We hold that the discount formula is to be applied to the bid price, rather than to any form of adjusted price. The fundamental purpose of discounting is to make adjustments to payments to be made in the future. The purchaser of a long-term timber sale contract is obligated to pay the bid price, not the IMV, at a date sometime in the future.

4. Logging Road Costs

We ruled in our original opinion that the value of standing timber does not include the cost of constructing roads. We directed the parties to use the Cascade Appraisal Services (CAS) data base of comparable sales (i.e., the average indicated values) as the starting point in the Rule 155 computation. Respondent argues that road construction costs must be subtracted from CAS' average indicated values to accurately reflect the Court's ruling that the value of standing timber does not include the cost of constructing roads. Petitioner argues that the subtraction of the road construction costs is improper.

In deriving its average indicated value for USFS comparable sales, CAS started with the so-called high bid, which includes road construction costs. It then subtracted from the high bid the road credits for merchantable and per acre material. This net figure is the so-called stat high bid. CAS' second step in deriving the average indicated value was to make a quality adjustment. CAS' final step, and the one which creates the dispute, was the logging cost adjustment. The logging cost adjustment included, inter alia, the addition of the costs of constructing roads to the indicated value.

The first step CAS took in making the logging cost adjustment was to determine the logging costs of the USFS comparable sale. The total logging cost of the USFS comparable was then compared to the total logging cost for a specific subject area. Where the total logging costs of the USFS comparable timber exceeded the total logging costs for the subject timber, CAS increased the indicated market value of the subject timber by the difference.
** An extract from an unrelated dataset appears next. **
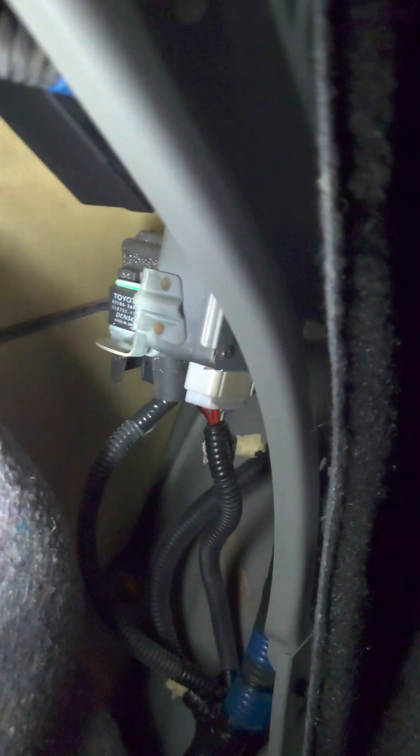This connector connects all the way up into this area of the car, and right in there is what's called the ECU for the active rear steering. The gray plug is where the power goes, and the white plug just to the left of it is where this connector goes.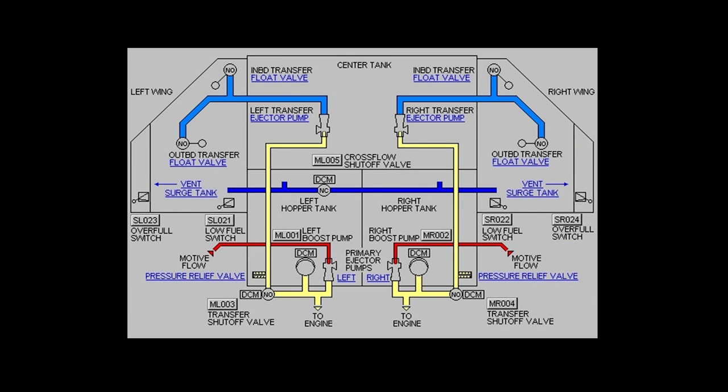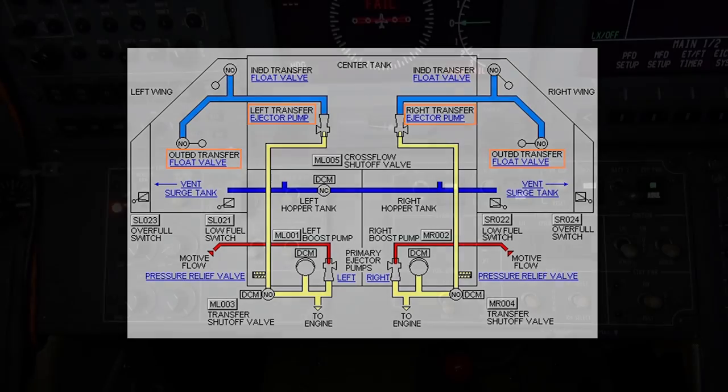Center tank to wing tank fuel is transferred by the fuel transfer ejector pumps and outboard wing-mounted fuel transfer float valves. The fuel going through the transfer ejector and float valve are normally on and being metered by the mechanical float valve.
Thus, CAS added in the cost of constructing roads to derive the total logging costs of the USFS comparable timber but did not include the cost of constructing roads to derive the total logging cost of the subject timber. Therefore, even if the USFS comparable and subject total logging costs were identical, CAS would still make a positive logging cost adjustment thereby increasing the indicated market value of the subject timber in an amount equal to the costs of constructing roads on the USFS comparable timber. This violates the Court's prior opinion.

We will adopt the solution proposed by respondent. The indicated market value of each subject timber sale should be reduced by the road construction costs reflected in the logging cost data portion of CAS' data analysis sheets. This puts both the USFS comparable and the subject timber on the same footing. This solution produces a value for the standing timber itself without the enhanced value attributable to the existence of the roads and so complies with our holding on this issue.

5. Use of Material Not in the Record

To determine the private sales data available for applying the discount formula, we need to rule on the appropriate use of material not in the record. It appears that most of the pertinent data is in the record. As to the data that is not in the record, there is no reason the parties cannot enter into a stipulation or agreement as to data in the parties' workpapers for the purposes of the Rule 155 computation and the Court directs that this be done.

6. Discount Rate

The discount formula used an 8-percent annual rate of interest at which to discount and to compute the present value of future payments under long-term cutting contracts. Petitioner contends that the annual rate of interest should be reduced to 4.16-percent to reflect the effect of a 48 percent corporate income tax deduction.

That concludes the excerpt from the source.